Героический, религиозный и национальный пафосы мы относим к основным, действие которых в той или иной степени можно наблюдать практически во всех общественно-исторических явлениях Новейшего времени. В отсутствие полностью разработанной теории общественной речи данный факт подтверждается, помимо анализа произведений военной риторики на протяжении письменной истории человечества, частным анализом содержательной основы политического и судебного красноречия26, а также наблюдением П. Ф. Каптерева о существовании церковно-религиозного (допетровского), государственного (на протяжении XVIII – первой половины XIX вв.) и общественного, т. е. национального периода (после Великих реформ до 1917 г.) в развитии дореволюционной российской педагогики27. Отчасти подтверждение нашей мысли можем найти и в трудах М. П. Фуко, комментировавшего смену государственного пафоса национальным в период Великой французской революции следующим образом: «Новый дискурс (имеющий нового субъекта и новую точку отсчета) сопровождается и новым, если так можно сказать пафосом. Этот новый пафос направлен на… государственный переворот или удар по государству, на выступление против государства»28.

Наблюдение за состоянием общественной речи в революционной Франции и последующим периодом правления Наполеона Бонапарта позволяет сформулировать еще один закон общественной речи: интенсивность общественной речи диалектически связана с уровнем развития общественного сознания. Действительно, придя к власти на волне революционной митинговой стихии не без помощи печатного слова, Наполеон все время своего правления в дальнейшем неуклонно боролся с этим проявлением свободного народного духа, преуспев в этом настолько, что к концу его правления во Франции профессия типографского издателя считалась вымирающей. Итогом была нарастающая пассивность народного сознания и ближайшего окружения Наполеона, во всем привыкшего полагаться на гений «великого человека», что и повлекло отказ от борьбы и закономерное отречение императора, когда союзники оказались у ворот Парижа.

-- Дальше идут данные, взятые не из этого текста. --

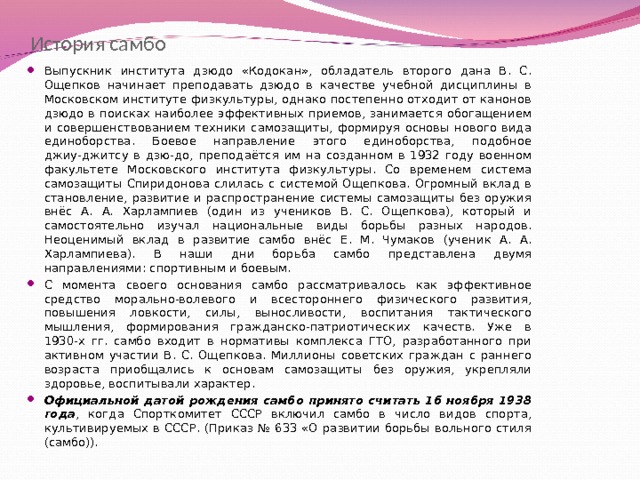История самбо Выпускник института дзюдо «Кодокан», обладатель второго дана В. С. Ощепков начинает преподавать дзюдо в качестве учебной дисциплины в Московском институте физкультуры, однако постепенно отходит от канонов дзюдо в поисках наиболее эффективных приемов, занимается обогащением и совершенствованием техники самозащиты, формируя основы нового вида единоборства. Боевое направление этого единоборства, подобное джиу-джитсу в дзю-до, преподаётся им на созданном в 1932 году военном факультете Московского института физкультуры. Со временем система самозащиты Спиридонова слилась с системой Ощепкова. Огромный вклад в становление, развитие и распространение системы самозащиты без оружия внёс А. А. Харлампиев (один из учеников В. С. Ощепкова), который и самостоятельно изучал национальные виды борьбы разных народов. Неоценимый вклад в развитие самбо внёс Е. М. Чумаков (ученик А. А. Харлампиева). В наши дни борьба самбо представлена двумя направлениями: спортивным и боевым. С момента своего основания самбо рассматривалось как эффективное средство морально-волевого и всестороннего физического развития, повышения ловкости, силы, выносливости, воспитания тактического мышления, формирования гражданско-патриотических качеств. Уже в 1930-х гг. самбо входит в нормативы комплекса ГТО, разработанного при активном участии В. С. Ощепкова. Миллионы советских граждан с раннего возраста приобщались к основам самозащиты без оружия, укрепляли здоровье, воспитывали характер. Официальной датой рождения самбо принято считать 16 ноября 1938 года , когда Спорткомитет СССР включил самбо в число видов спорта, культивируемых в СССР. (Приказ № 633 «О развитии борьбы вольного стиля (самбо)).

Бурное развитие производительных сил в эпоху Нового времени быстро выявило неоднородность европейских наций – наметилась оппозиция по классовому признаку между собственно нацией и широкими народными массами. Оппозиция безусловно вредная, ибо движимая чувством самосохранения, нация стремится обезопасить себя, сообщив свое видение политики народу, а в идеальном случае – стремится распространить себя на народ, точнее поднять его до своего уровня, вовлечь в свою орбиту, чтобы народ разделял идеалы и ценности, которые исповедует нация, и был движим ими в собственной «государствообразующей» деятельности. Политической силой, как правило, обладает только нация.

 

Систему ценностей, разделяемую нацией и народом проще всего выработать в системе образования, которая, как известно, есть главный институт, обеспечивающий социализацию личности. Именно поэтому государство объективно должно выступать заказчиком образования и инструментом формирования нации. Конечно, государство обычно руководствуется совсем не филантропическими целями: образованные люди нужны ему в первую очередь для взимания налогов, ведения финансов, прокладывания дорог, изобретения новых видов вооружений и решения тому подобных вполне прагматических задач. Однако необходимость воспитания новых поколений государственных соработников также остается фактом: с античности было известно, что продуктивна только свободная мысль и эффективен только сознательный труд людей, разделяющих общие взгляды и ценности. «Национализм, – справедливо полагал Э. Геллнер, – является следствием новой формы социальной организации, опирающейся на полностью обобществленные, централизованно воспроизводящиеся высокие культуры, каждая из которых защищена своим государством»29.

Как следует из приведенной цитаты, нация есть продукт длительного социально-исторического развития, приумножения материальной и духовной культуры, организующегося и направляющегося государством. По свидетельству Э. Хобсбаума, в качестве первого критерия возникновения нации в нашем понимании во второй половине XIX в., когда процессы формирования наций в большинстве европейских стран вошли в заключительную фазу, выступала «историческая связь народа с современным государством или с государством, имевшим довольно продолжительное существование в прошлом»30.

В этой связи стоит отметить, что отсутствие централизованного государства в Германии до второй половины XIX века ясно свидетельствует о его роли в формировании нации: в немецком языке практически не употреблялось само понятие «нация», в литературе и публицистике повсеместно употреблялось слово Volk (народ).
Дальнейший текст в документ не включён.